Another group of 30 to 35 CNCV members, which feels that McCarthy's campaign chances are dim, is planning a long-range community organizing effort in selected lower-income areas of Cambridge. One member of the community organizing group expressed its rationale: "The war reveals the massive lack of power in the hands of the people in this country."
They will eschew what they call "the bankrupt New Left technique of single issue organizing" in favor of linking the war to a variety of local problems--welfare, inflation and particularly Cambridge's shortage of low-income housing. They hope local residents will then organize to solve these problems and, at the same time, express their opposition to the war. The details of this organization are still vague, but members of the group have suggested putting pressure on the Cambridge City Council to pass a rent control ordinance, and beginning a weekly newspaper to compete with the Cambridge Chronicle and the Boston Record American. They will also encourage draft resistance."

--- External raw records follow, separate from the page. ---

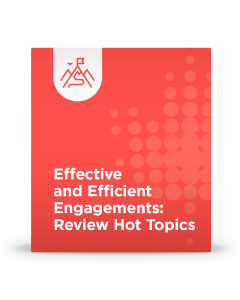 Effective and Efficient Engagements: Review Hot Topics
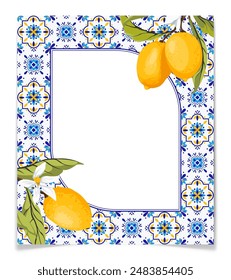 Frame with blue and white tiles and lemon branches with green leaves. Traditional mediterranean style, floral frames, invitation, party, wedding road signs. Vector illustration.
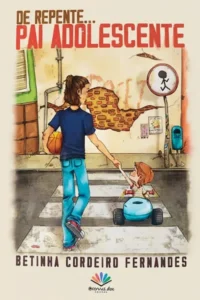 Livro - De repente, pai adolescente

A third and smaller group of middle-aged women (several of whom have sons of draft age) hopes to begin a program of "draft education" aimed at high school students in the City. Members of the draft education group say they will not advocate resistance, but will merely provide information on alternatives to the draft, including conscientious objection.
CNCV's new activities clearly represent a break with the group's past method. Since its inception last spring, CNCV has had only one major activity at a time. First, it petitioned Rep. Thomas P. O'Neill Jr. (D.-Mass.) to come to Cambridge for hearings on the war; next, it held the Cambridge Peace Fair; and then it waged the long referendum battle. Now, CNCV is moving in several directions at once--an approach which creates both possibilities and potential problems.
Some members of CNCV feel the new approach will create a coalition that represents various shades of anti-war sentiment. Multiple approaches to anti-war work could bring both SDS members and middle-aged matrons into one organization with a capacity for large-scale action.
Other observers take a more dismal view. They feel that CNCV's one-project at a time approach has helped hold the organization together. As McCarthy supporters and more radical community organizers go separate ways within the organization, conflicts of interest and/or allocation of resources might arise. These conflicts might ultimately split CNCV into quarreling factions reminiscent of last summer's National Conference of New Politics.
"Cambridge's "referendum on the war" has come and gone. The organization which fostered it remains, but the coming months may provide a severe test of its staying power.